File Sharing control panel
Your Mac can share files, applications, and printers with other Macs, but also includes safeguards to prevent unwanted access. The first line of defense is the File Sharing control panel (Sharing Setup in System 7.x). Note that you don't need to start File Sharing unless you want to share files from your Mac. You can access shared files on other Macs whether or not File Sharing is active on your own Mac. That's significant because a Mac with File Sharing off is an inaccessible Mac.
If your Mac shares files, the owner name and password become significant. By default, anyone logging in to your Mac with the owner name and password gains complete read-and-write access to your Mac, regardless of what files are actually shared. Therefore, it's extremely important that you keep the owner name and password secure and hard to guess.
File Sharing Users & Groups
When you create shared folders for others to use, make sure the Users & Groups settings are correct. (Users & Groups is a control panel in System 7 and part of File Sharing in Mac OS 8 & 9.) People often just share a bunch of items (or even an entire disk drive) and give the Guest account access to all of it. It takes some extra time, but for safety's sake I recommend creating a folder of specific items ("Bob's Files") for a specific user or group of users, then using the Users & Groups control panel to set access privileges accordingly. For added security, disable Guest access entirely and prohibit your users from changing their passwords remotely.

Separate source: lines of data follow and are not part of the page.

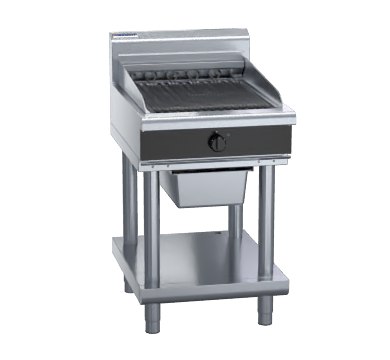 waldorf bold chb8600ed-ls - 600mm electric chargrill - leg stand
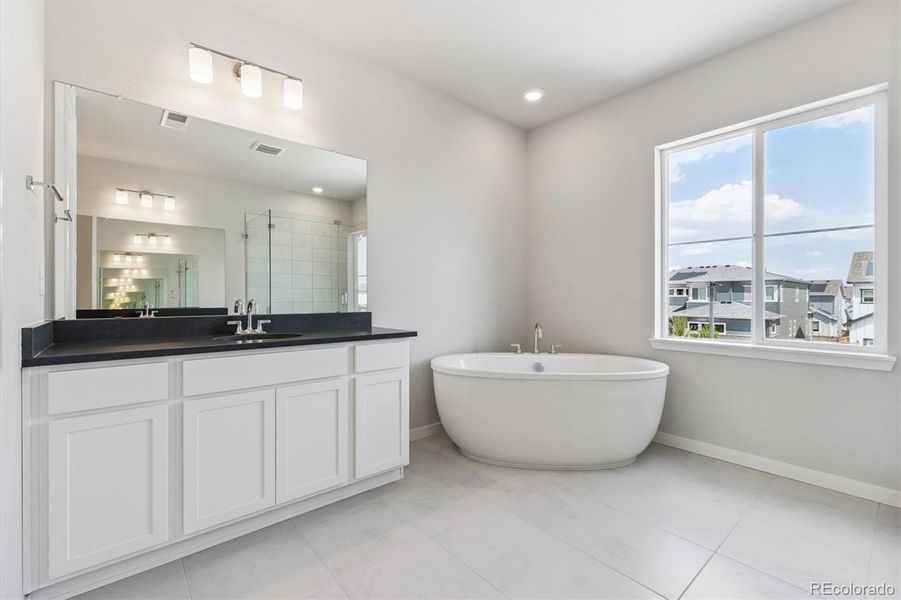 Furnished interior view inside a new home in Prestige Collection at Parkdale Commons, Lafayette (Image 5).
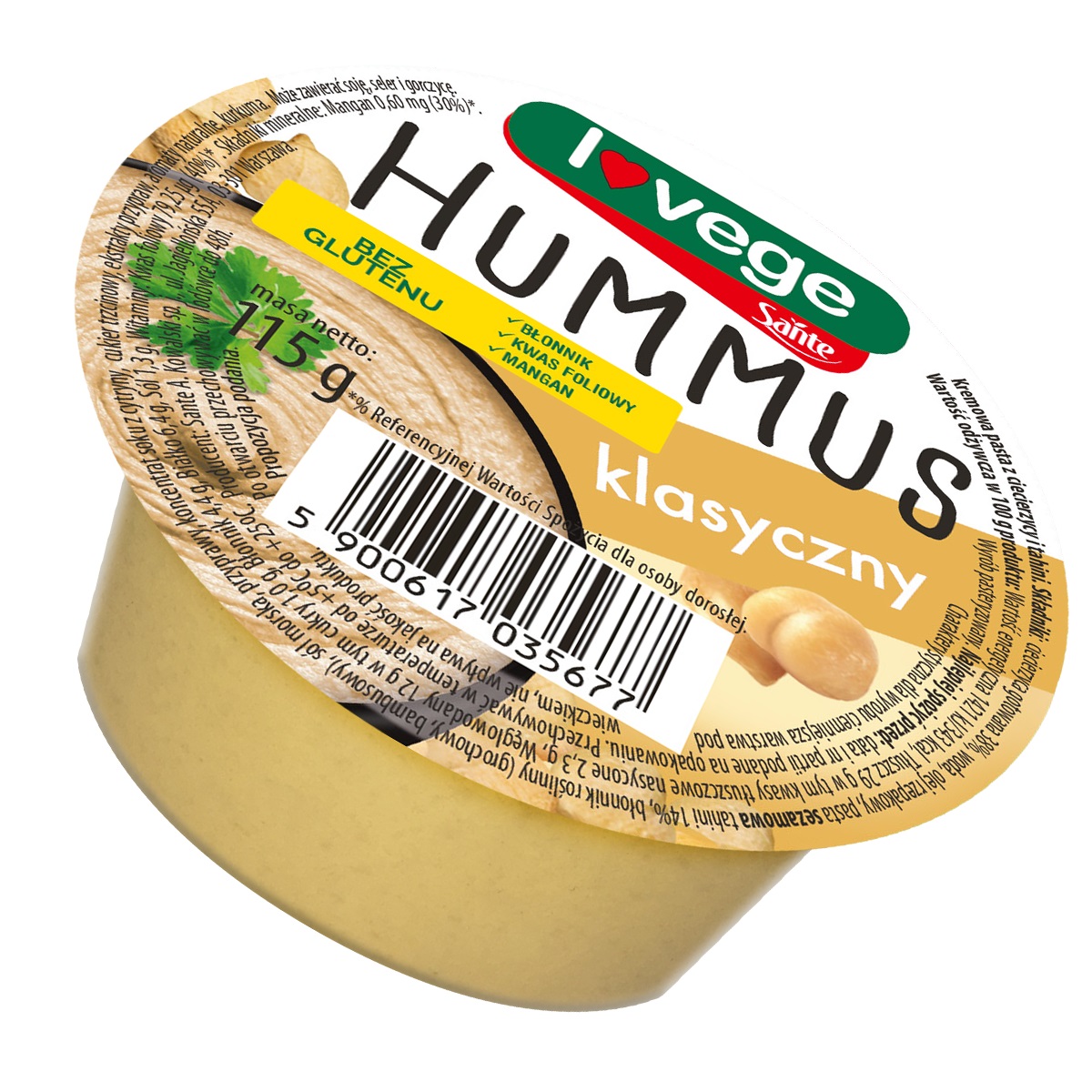 Lovege Hummus Klasyczny 115G Sante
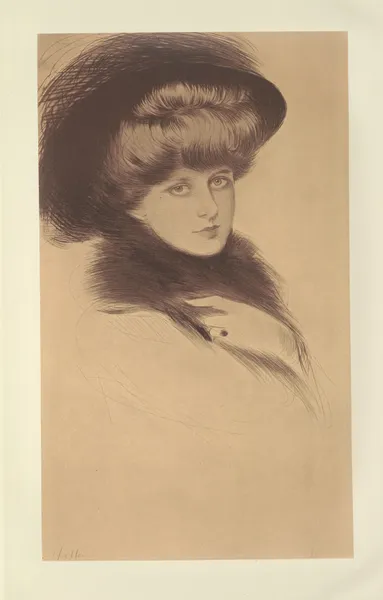 Mademoiselle P. av Paul César Helleu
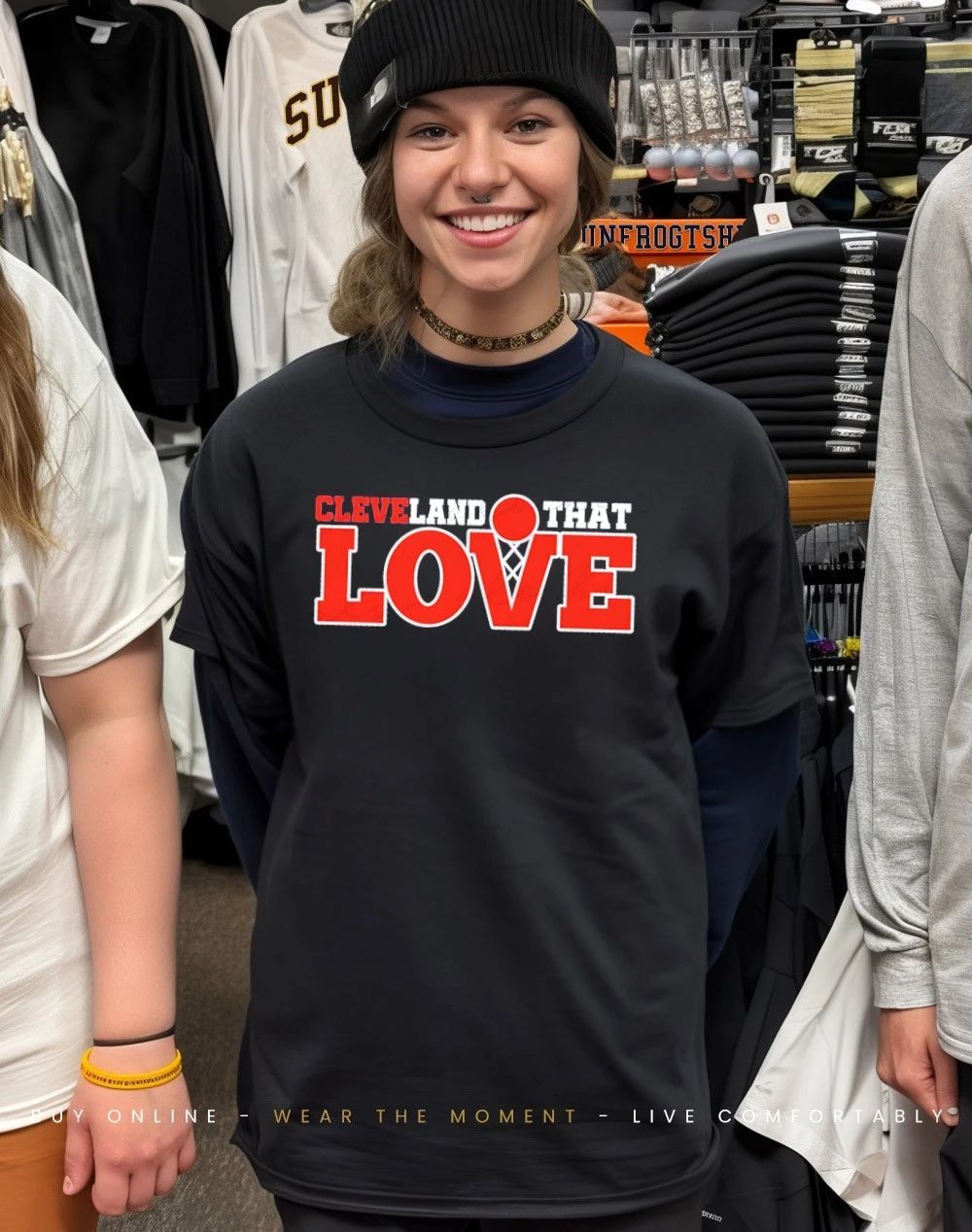 OG Cleveland that I love basketball net shirt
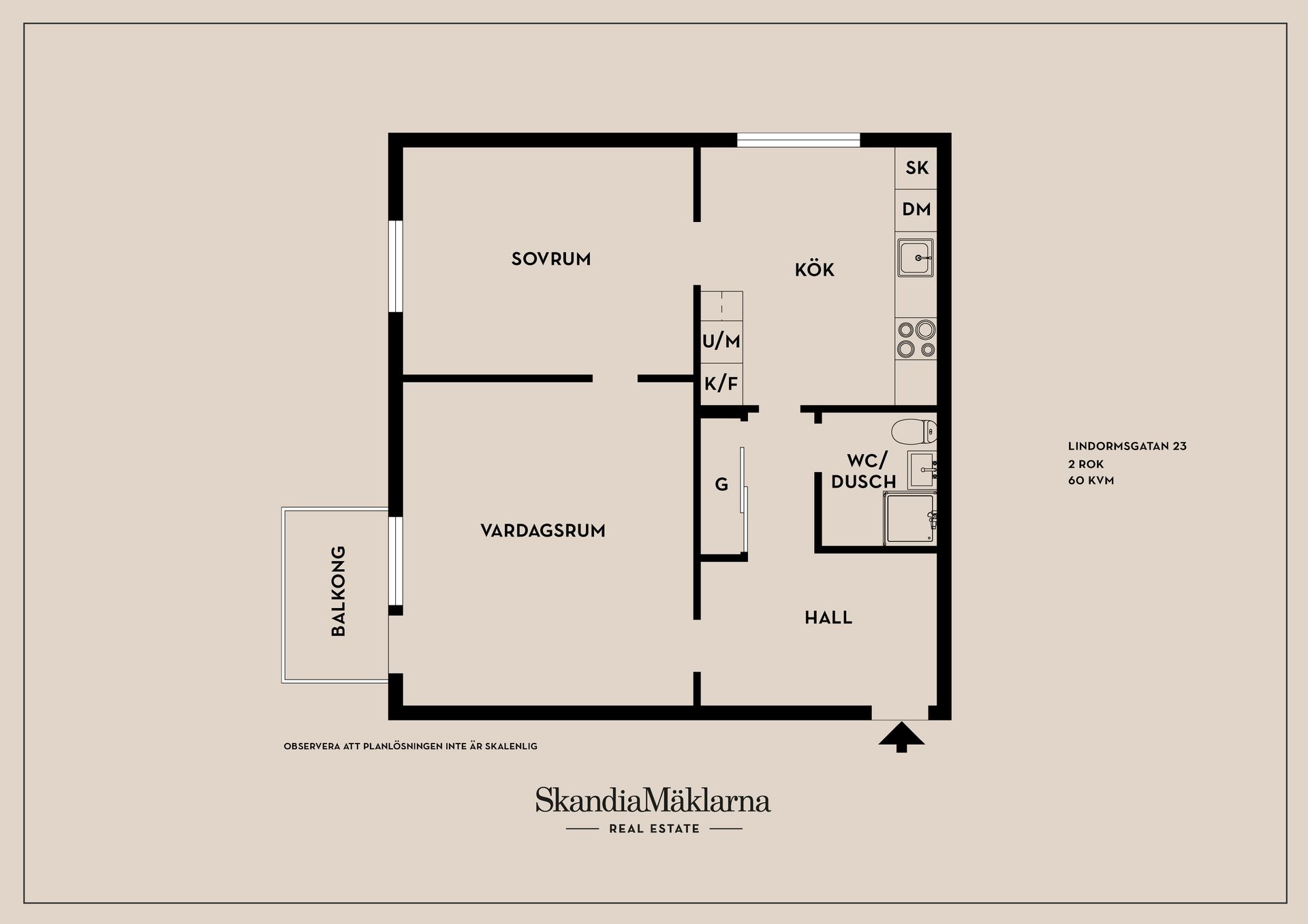 Bostadsrätt, Lindormsgatan 23, Sjöbo, Borås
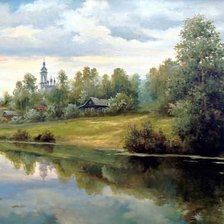 Схема вышивки «у реки»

High-speed Internet and Software Routers
If you have a cable modem Internet connection, data comes and goes through an Ethernet port, which you can also use for your home network data. It's possible, but not a good idea, to share this kind of Internet connection with a software router by connecting both your network and high-speed connection to an Ethernet hub or switch.
If you use one Ethernet port for both the network and the Internet connection, you make it possible for other people using the same high-speed service to see data on your network, since all the network traffic travels through the same Ethernet port. If your Internet provider tracks your Ethernet port info, this may also create problems with your Internet connection.
For a secure shared connection, use a hardware router (which acts as a bridge between the modem and hub) or connect the cable modem to a second Ethernet port on the Mac running the software router software.
Tool of the secure: Firewalls
It's common to hear people talk about firewalls as a method of beefing up network security. When data wants to enter your network, the firewall checks that it comes from an approved source before letting it in or out, keeping in what you want and keeping out what you don't want. Firewalls are often integrated with other products. If you're using a router to share an Internet connection, for example, the router will also act as a firewall to help keep the network data separated by segregating the incoming and outgoing traffic.